Une affaire opposant deux producteurs d’émissions de téléréalité vient illustrer le constat selon lequel en matière de formats, les griefs invoqués au titre de la concurrence déloyale doivent répondre à des critères précis, l’imitation fautive ne pouvant résulter de la reprise de facteurs communs à un genre d’émission déterminé.

Trois formats étaient concernés : le format Big Brother fondateur de la première émission de téléréalité diffusée en France, Loft Story et un format plus récent, Secret Story, tous détenus par la société Endemol face à un nouveau format développé par un tiers intitulé Dilemne. En première instance, les juges consulaires avaient prononcé une condamnation d’un montant exemplaire, sur le seul fondement de l’imitation fautive, à l’exclusion de tout acte de parasitisme faute pour Endemol de rapporter la preuve des investissements spécifiques qu’elle a pu réaliser.

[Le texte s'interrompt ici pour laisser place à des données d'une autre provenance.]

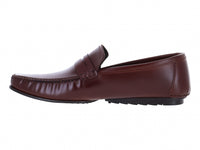 Zapatos Gino Cherruti Guante Cafe Caballero 4500 Para Hombre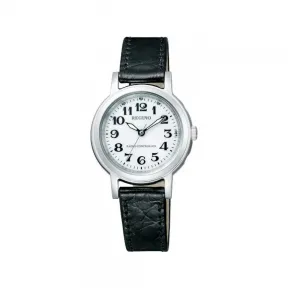 西铁城/Citizen Citizen Reguno 系列 不锈钢 29 MM 太阳能石英 女表 KL4-711-10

Au titre de l’imitation fautive, le Tribunal avait relevé que la société productrice de Dilemme avait « repris les caractéristiques essentielles et inédites des programmes d’Endemol », et notamment « les éléments fondamentaux des « formats d’enfermement » d’Endemol, les éléments caractéristiques des « lieux d’enfermement », la mécanique des programmes, les éléments caractéristiques du casting des candidats c’est-à-dire la présélection des candidats compte tenu de leurs profils psychologiques ou leur physique ou leur personnalité […] les éléments caractéristiques de diffusion des programmes et des caractéristiques techniques ». Le tribunal avait jugé que « la reprise des éléments essentiels des formats et des programmes audiovisuels d’Endemol a nécessairement créé une confusion dans l’esprit du public, le concept des émissions en litige étant identique, destiné à un même public, avec, sur le fond et la forme, de grandes similitudes et des variantes peu importantes qui ne sauraient franchement distinguer les programmes en cause ». La décision était revêtue de l’exécution provisoire sur le montant des dommages et intérêts mais également sur la mesure d’interdiction ordonnée et le recours pour la faire stopper avait été rejeté.

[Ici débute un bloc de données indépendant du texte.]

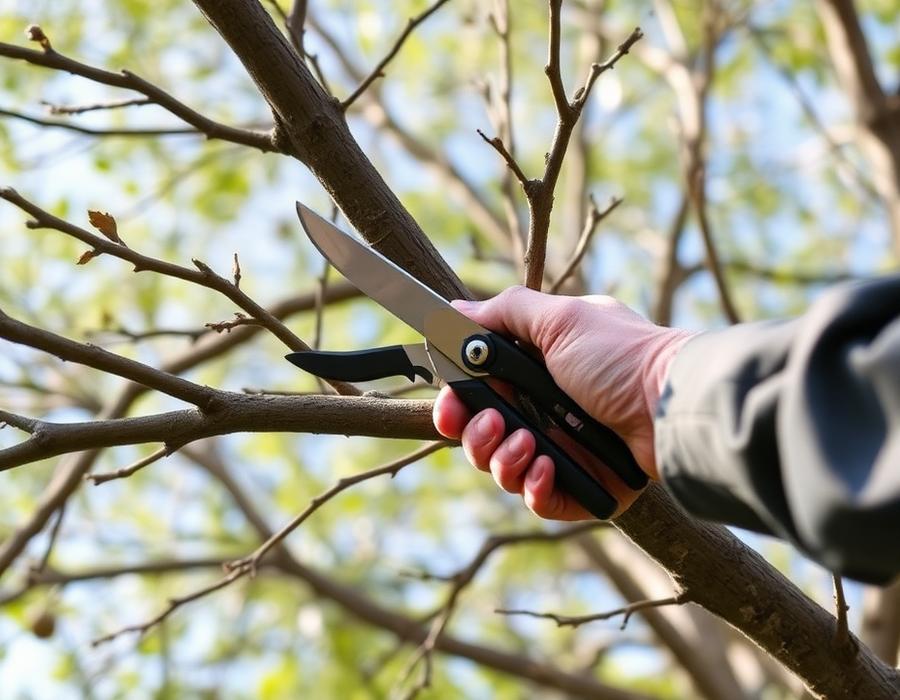 Trimming & Pruning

La Cour réforme le jugement. Après avoir rappelé les principes fondateurs des actions en concurrence déloyale et parasitisme, la Cour énonce que la concurrence déloyale par parasitisme suppose que celui en excipant puisse démontrer :
– d’une part, que son concurrent a procédé de façon illicite à la reproduction de données ou d’informations qui caractérisent son entreprise par la notoriété et l’originalité s’y attachant, elles-mêmes résultant d’un travail intellectuel et d’un investissement propre ;
– d’autre part, qu’un risque de confusion puisse en résulter dans l’esprit de la clientèle potentielle, en l’occurrence les téléspectateurs des émissions considérées.

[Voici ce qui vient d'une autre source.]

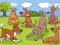 Игра Animals Differences онлајн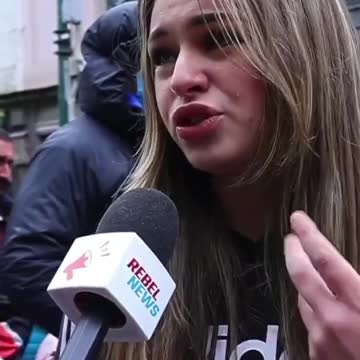 Tens of thousands protested in Melbourne today 2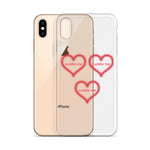 Cuddle Me Transparent iPhone Case - Lustue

La Cour ajoute qu’en vertu du principe de la liberté du commerce et de l’industrie et de la règle de la libre concurrence en découlant, le simple de fait de copier la prestation d’autrui n’est nullement fautif dès lors qu’il s’agit d’éléments usuels communs à toute une profession ou à un secteur d’activité particulier et pour lesquels il n’est pas justifié de droits de propriété intellectuelle ou d’un effort créatif ou organisationnel dans la mise en œuvre de données caractérisant l’originalité de l’œuvre.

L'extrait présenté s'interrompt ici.